#### SUPPLIED MATERIAL
== Segment start ==
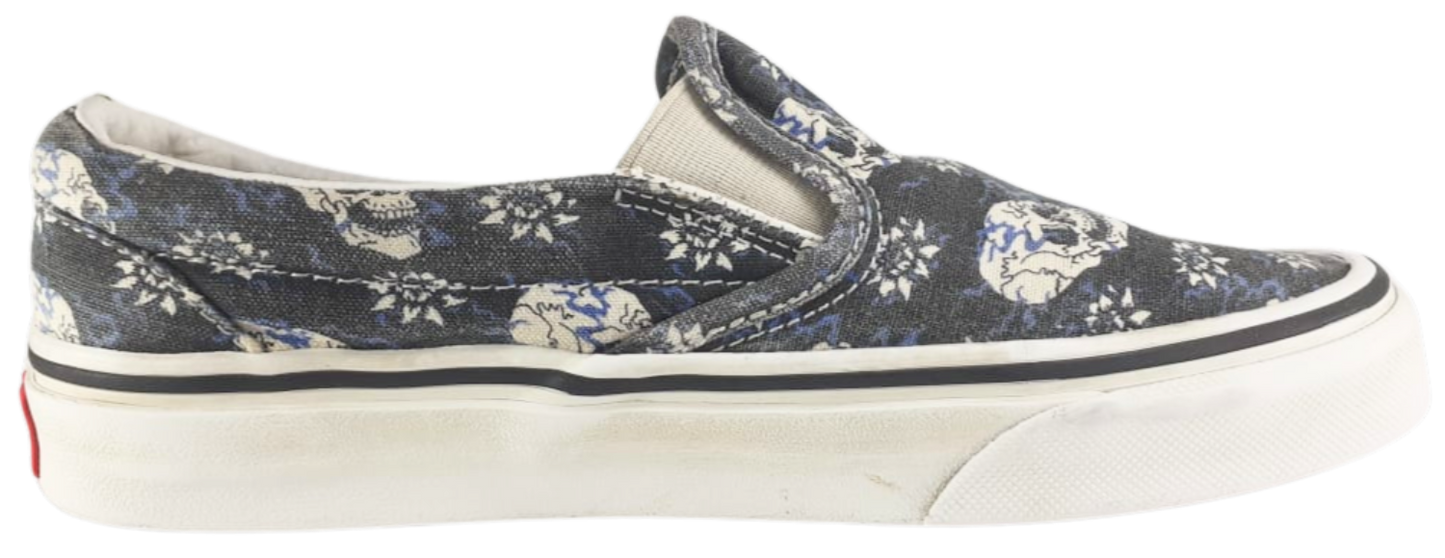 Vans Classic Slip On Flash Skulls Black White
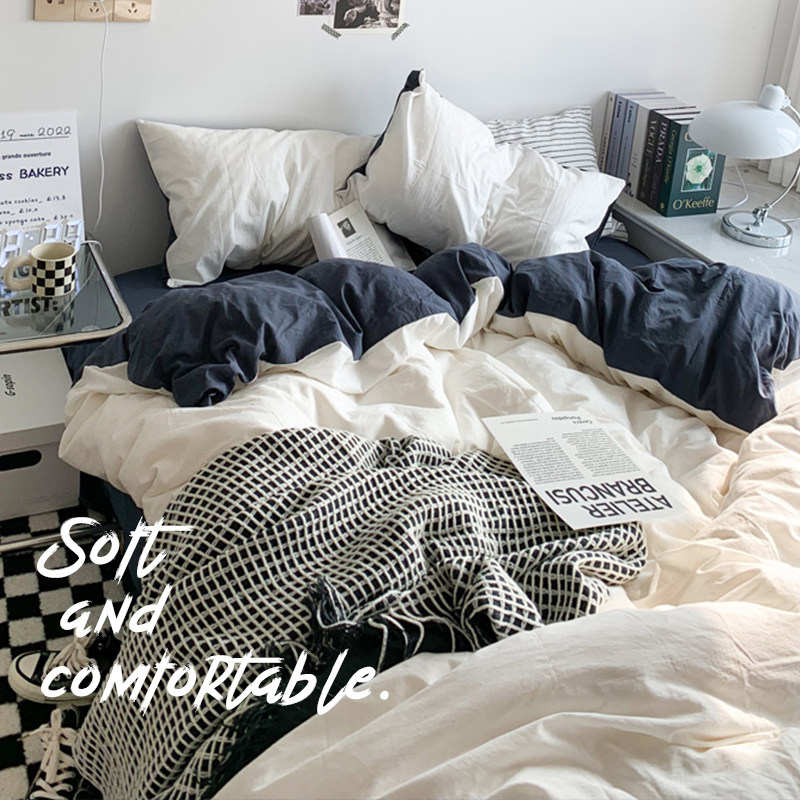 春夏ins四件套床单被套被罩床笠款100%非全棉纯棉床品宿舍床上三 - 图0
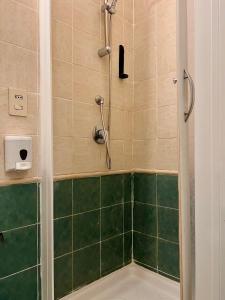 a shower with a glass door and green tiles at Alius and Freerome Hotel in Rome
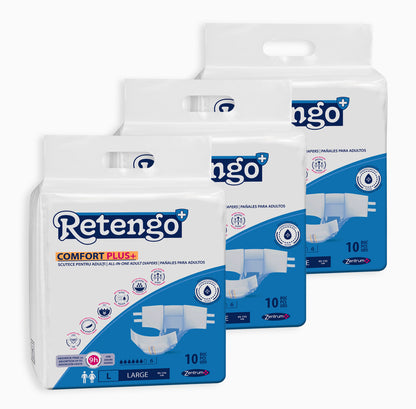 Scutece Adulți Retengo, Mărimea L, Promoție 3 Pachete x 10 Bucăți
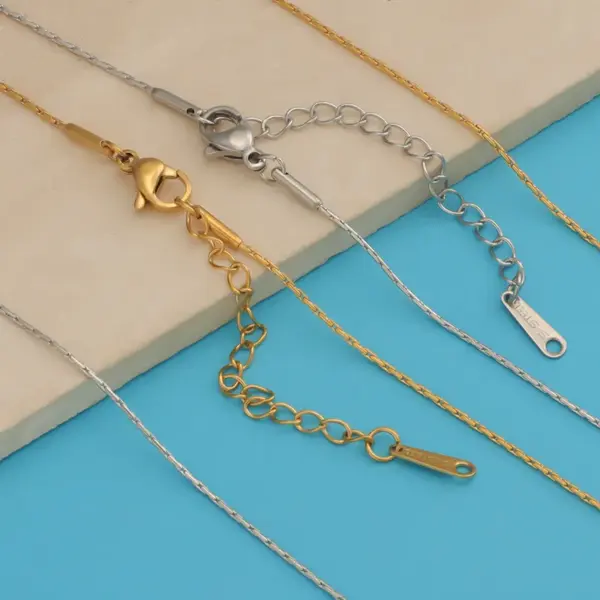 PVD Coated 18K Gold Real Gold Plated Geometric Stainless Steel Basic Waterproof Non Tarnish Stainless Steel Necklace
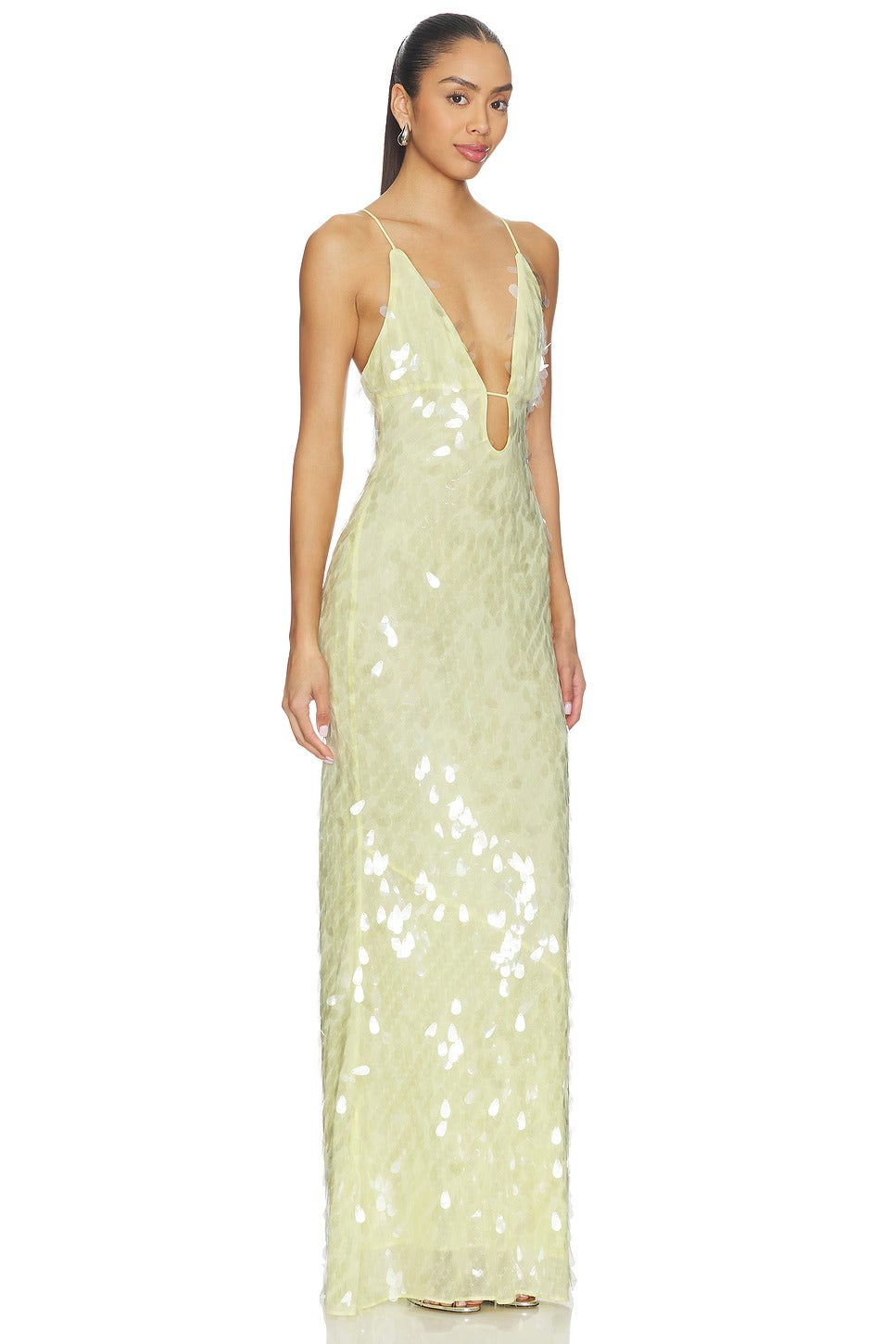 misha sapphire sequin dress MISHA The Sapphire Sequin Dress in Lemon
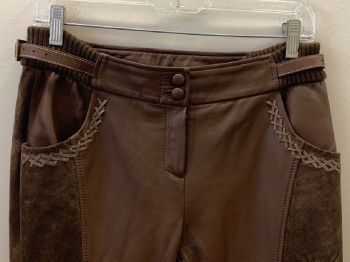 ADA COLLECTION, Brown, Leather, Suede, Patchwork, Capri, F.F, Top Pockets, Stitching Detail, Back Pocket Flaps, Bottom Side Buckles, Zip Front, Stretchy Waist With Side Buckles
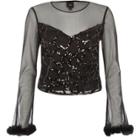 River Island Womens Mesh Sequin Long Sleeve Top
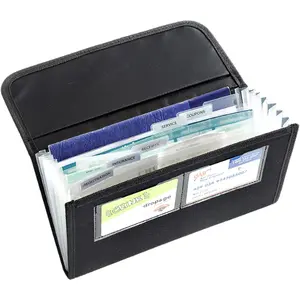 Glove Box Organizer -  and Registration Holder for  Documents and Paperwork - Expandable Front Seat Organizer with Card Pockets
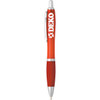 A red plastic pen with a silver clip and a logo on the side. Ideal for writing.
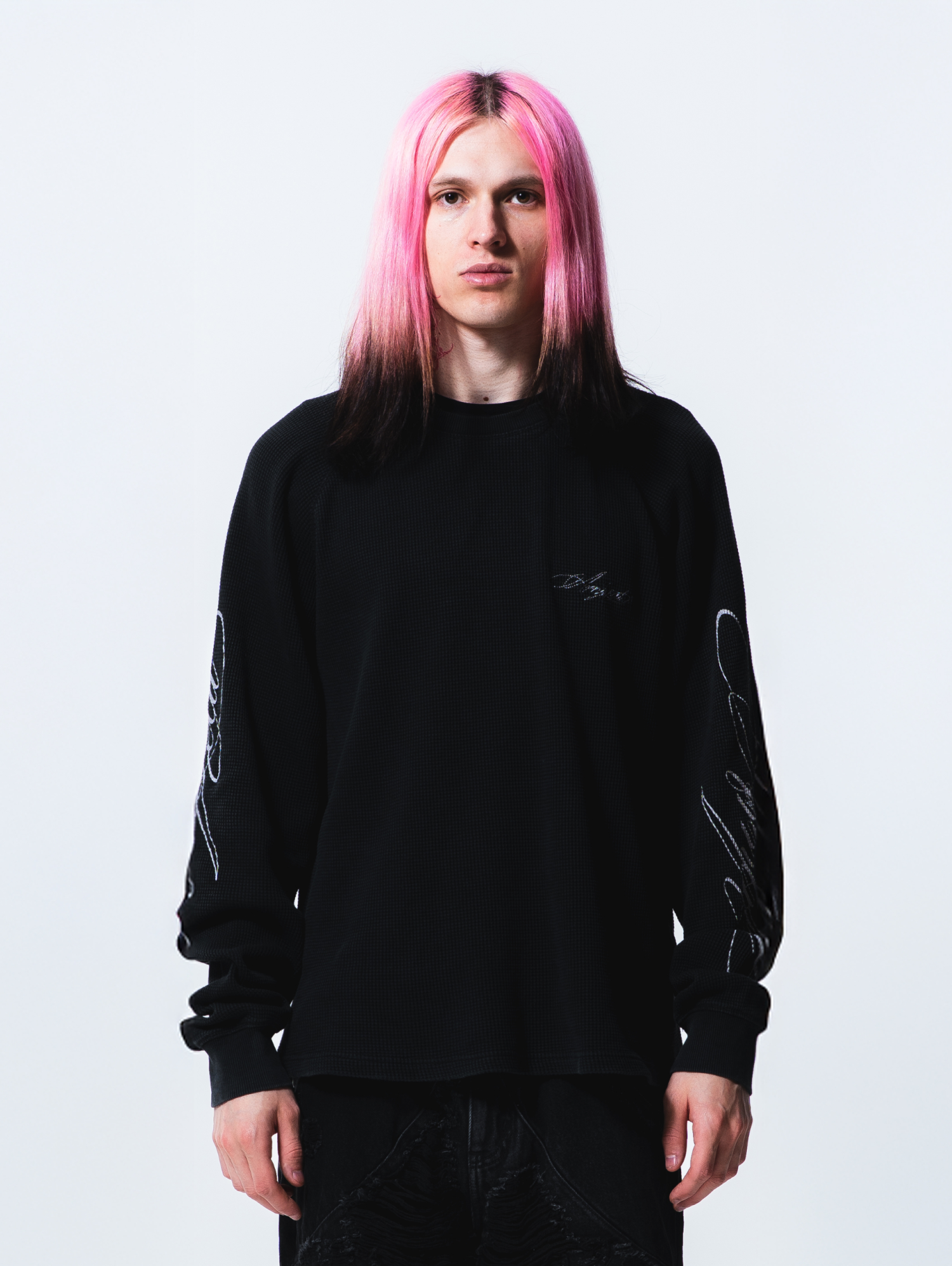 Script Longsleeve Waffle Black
== Segment end ==
#### TASK GOAL
Transcribe exactly, with no pictures, the lines running from the first line of the material through the line holding "With Side Buckles".

#### RESPONSE AREA
 Vans Classic Slip On Flash Skulls Black White
 春夏ins四件套床单被套被罩床笠款100%非全棉纯棉床品宿舍床上三 - 图0
 a shower with a glass door and green tiles at Alius and Freerome Hotel in Rome
 Scutece Adulți Retengo, Mărimea L, Promoție 3 Pachete x 10 Bucăți
 PVD Coated 18K Gold Real Gold Plated Geometric Stainless Steel Basic Waterproof Non Tarnish Stainless Steel Necklace
 misha sapphire sequin dress MISHA The Sapphire Sequin Dress in Lemon
 ADA COLLECTION, Brown, Leather, Suede, Patchwork, Capri, F.F, Top Pockets, Stitching Detail, Back Pocket Flaps, Bottom Side Buckles, Zip Front, Stretchy Waist With Side Buckles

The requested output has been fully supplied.